In [2]:
import pandas as pd
import matplotlib.pyplot as plt
import numpy as np
import string

In [3]:
df = pd.read_csv("emoji_df.csv")
df.head()

Unnamed: 0,emoji,name,group,sub_group,codepoints
0,😀,grinning face,Smileys & Emotion,face-smiling,1F600
1,😃,grinning face with big eyes,Smileys & Emotion,face-smiling,1F603
2,😄,grinning face with smiling eyes,Smileys & Emotion,face-smiling,1F604
3,😁,beaming face with smiling eyes,Smileys & Emotion,face-smiling,1F601
4,😆,grinning squinting face,Smileys & Emotion,face-smiling,1F606


In [4]:
import nltk
from nltk.corpus import stopwords
from nltk.tokenize import word_tokenize
import string
nltk.download('punkt')
nltk.download('stopwords')

[nltk_data] Downloading package punkt to /Users/megha/nltk_data...
[nltk_data]   Package punkt is already up-to-date!
[nltk_data] Downloading package stopwords to /Users/megha/nltk_data...
[nltk_data]   Package stopwords is already up-to-date!


True

In [5]:
# preprocess text
def preprocess(text):
    tokens = word_tokenize(text)
    
    # remove punctuation
    tokens = [word.lower() for word in tokens if word.isalpha()]
    
    # remove stop words
    stop_words = set(stopwords.words('english'))
    tokens = [word for word in tokens if word not in stop_words]
    
    return tokens

In [6]:
groups = df['group'].unique()
sub_groups = df['sub_group'].unique()
df = df[df['name'] != 'thread']

In [7]:
from transformers import pipeline
classifier = pipeline('zero-shot-classification', model='facebook/bart-large-mnli')

  from .autonotebook import tqdm as notebook_tqdm


In [9]:
word = "apple"
hypothesis_template = 'This text is about {}.'
prediction = classifier(word, sub_groups, hypothesis_template=hypothesis_template, multi_label=True)
prediction

In [10]:
# get most likely group based on a word
def get_group(word, groups):
    hypothesis_template = 'This text is about {}.'
    prediction = classifier(word, groups, hypothesis_template=hypothesis_template, multi_label=True)
    return [prediction['labels'][0], prediction['scores'][0]]

get_group('apple',groups)

['Food & Drink', 0.3914111852645874]

In [39]:
def word_to_emoji(word):
    # first look for direct matches
    if word in df.loc[df['name'] == word, 'name'].values:
        return [df.loc[df['name'] == word, 'emoji'].values[0], 1]
    
    # next look for indirect matches
    if any(df['name'].str.contains(word, case=False)):
        possible_emojis = df[df['name'].str.contains(word, case=False)]['name'].tolist()
        flag = 1
    else:
        group = get_group(word, groups)
        # print("group:",group)

        # option 1: separate into subgroups before choosing a possible emoji
        # possible_subgroups = df[df['group'] == group[0]]['sub_group'].unique()
        # print("possible subgroups:",possible_subgroups)
        # subgroup = get_group(word, possible_subgroups)
        # print("subgroup:",subgroup)
        # possible_emojis = df[df['sub_group'] == subgroup[0]]['name'].unique()

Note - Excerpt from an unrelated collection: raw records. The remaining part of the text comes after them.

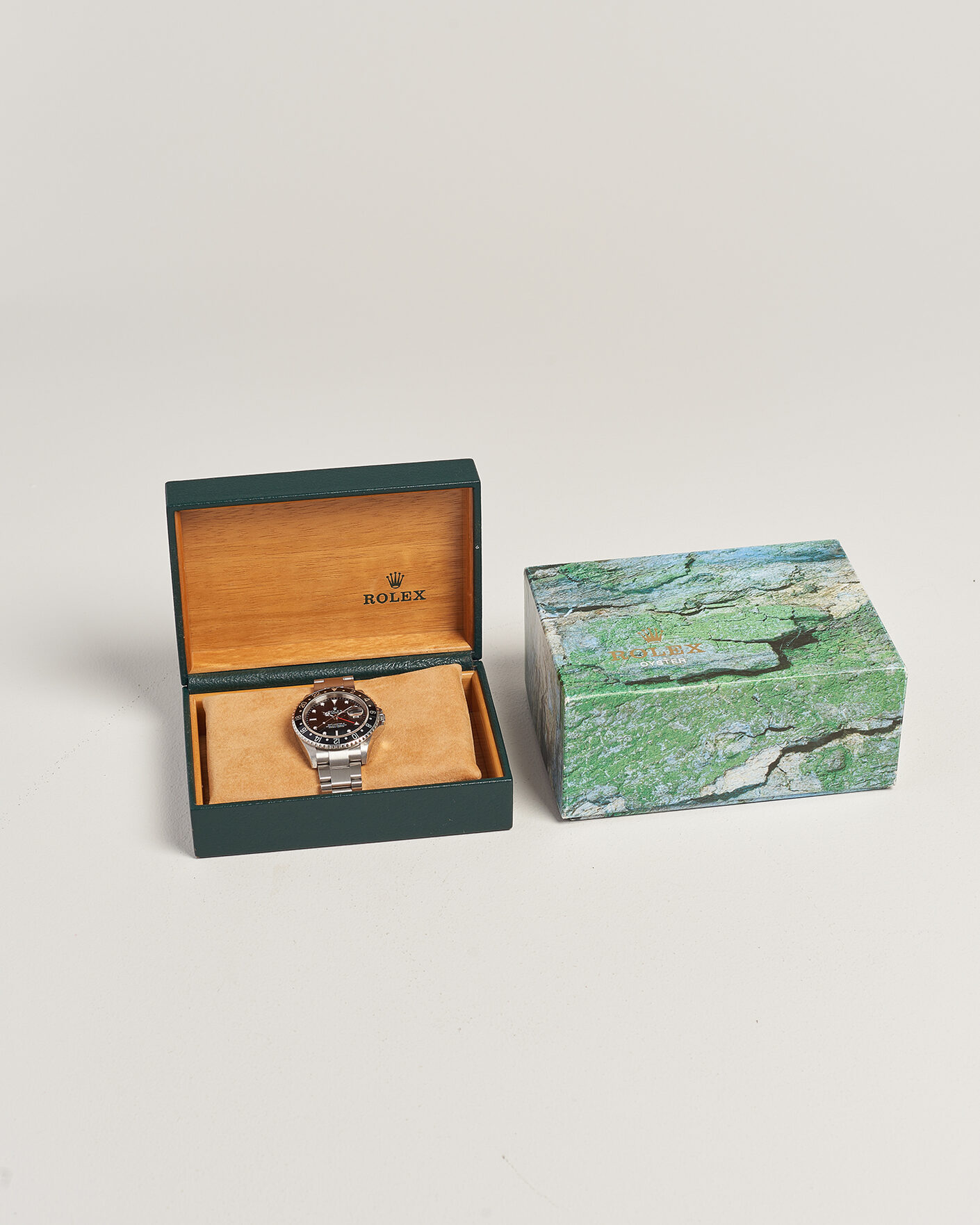 Heren | Pre-Owned & Vintage Watches | Rolex Pre-Owned | GMT II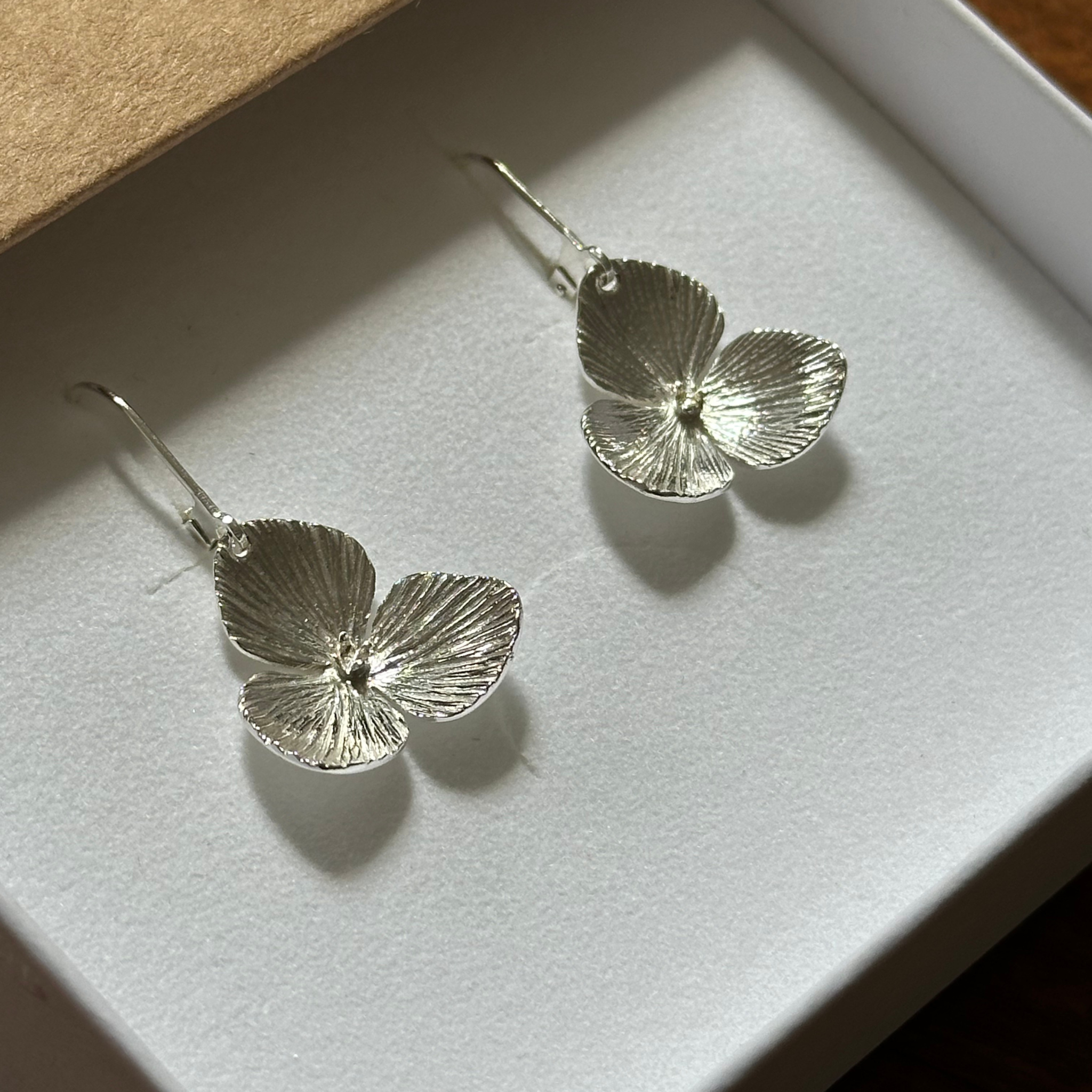 Boucles d'oreilles - Virginiana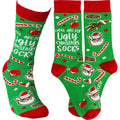 Ugly Socks 39472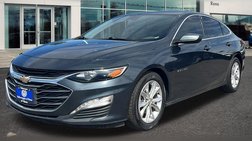 2021 Chevrolet Malibu LT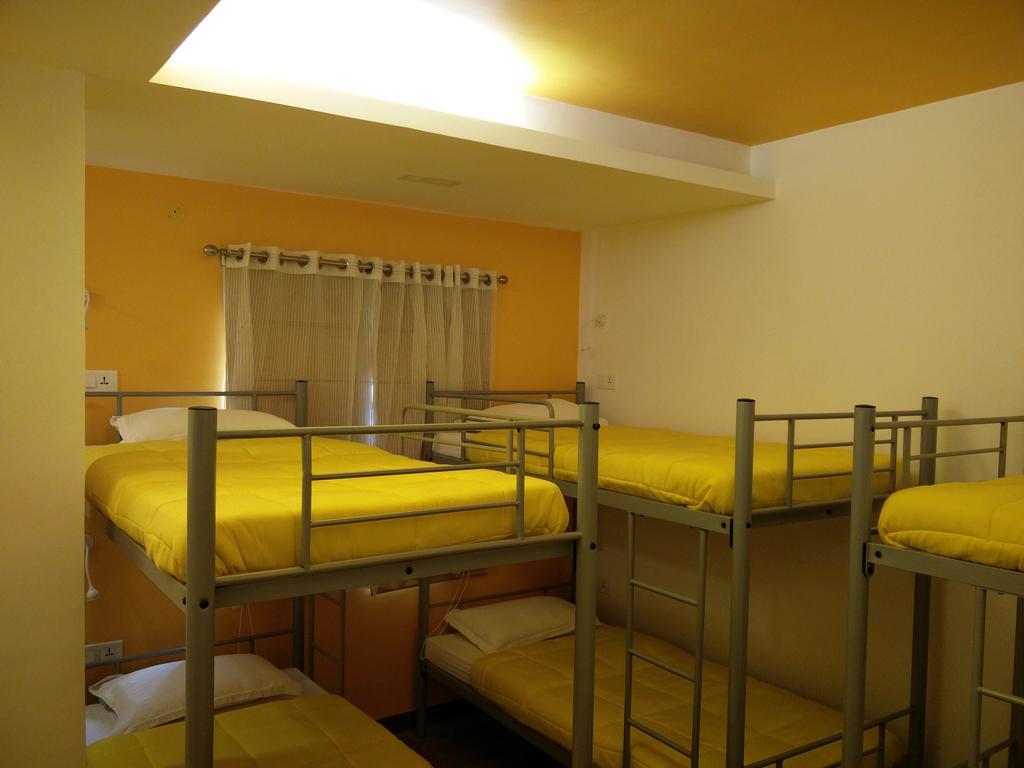Joey'S Hostel Delhi Nuova Delhi Camera foto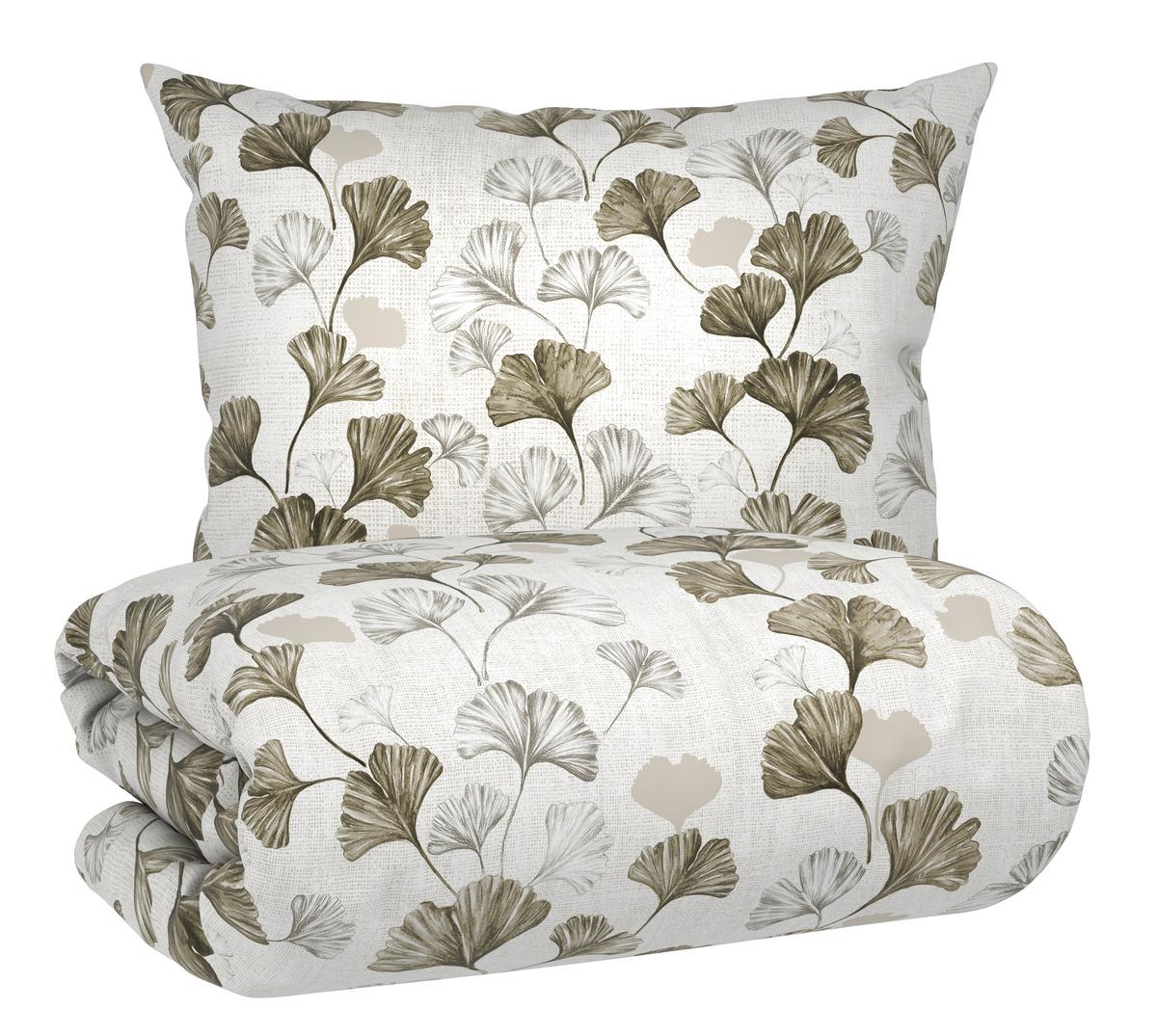 POVLEČENÍ YUKI - bílá, Moderní, textil (140/200cm) - Mömax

        # option 2: choose directly from group
        possible_emojis = df[df['group'] == group[0]]['name'].unique()
        flag = 0

    # print("possible emojis:",possible_emojis)
    name = get_group(word,possible_emojis)
    # print(name)
    if flag == 1: return [df[df['name'] == name[0]].iloc[0]['emoji'], 1]
    else: return [df[df['name'] == name[0]].iloc[0]['emoji'], name[1]]

# print(word_to_emoji('happy'))

Sample text:

The house is on fire!

I'm so happy today!

The early bird catches the worm.

Just had the best pizza ever!

The dog is chasing the ball in the park.

The flower is blooming beautifully in the garden.

In [51]:
# convert input text to emojis
input = "The house is on fire!"
print('input text:',input)

input = preprocess(input)
# print('preprocessed input text:',input)

emoji_translation = ''
for word in input:
    emoji = word_to_emoji(word)
    if emoji[1] > 0.95: # cutoff for accuracy
        emoji_translation = emoji_translation + emoji[0]
    # print(emoji)

print('emoji translation:',emoji_translation)

input text: The house is on fire!
emoji translation: 🏠🔥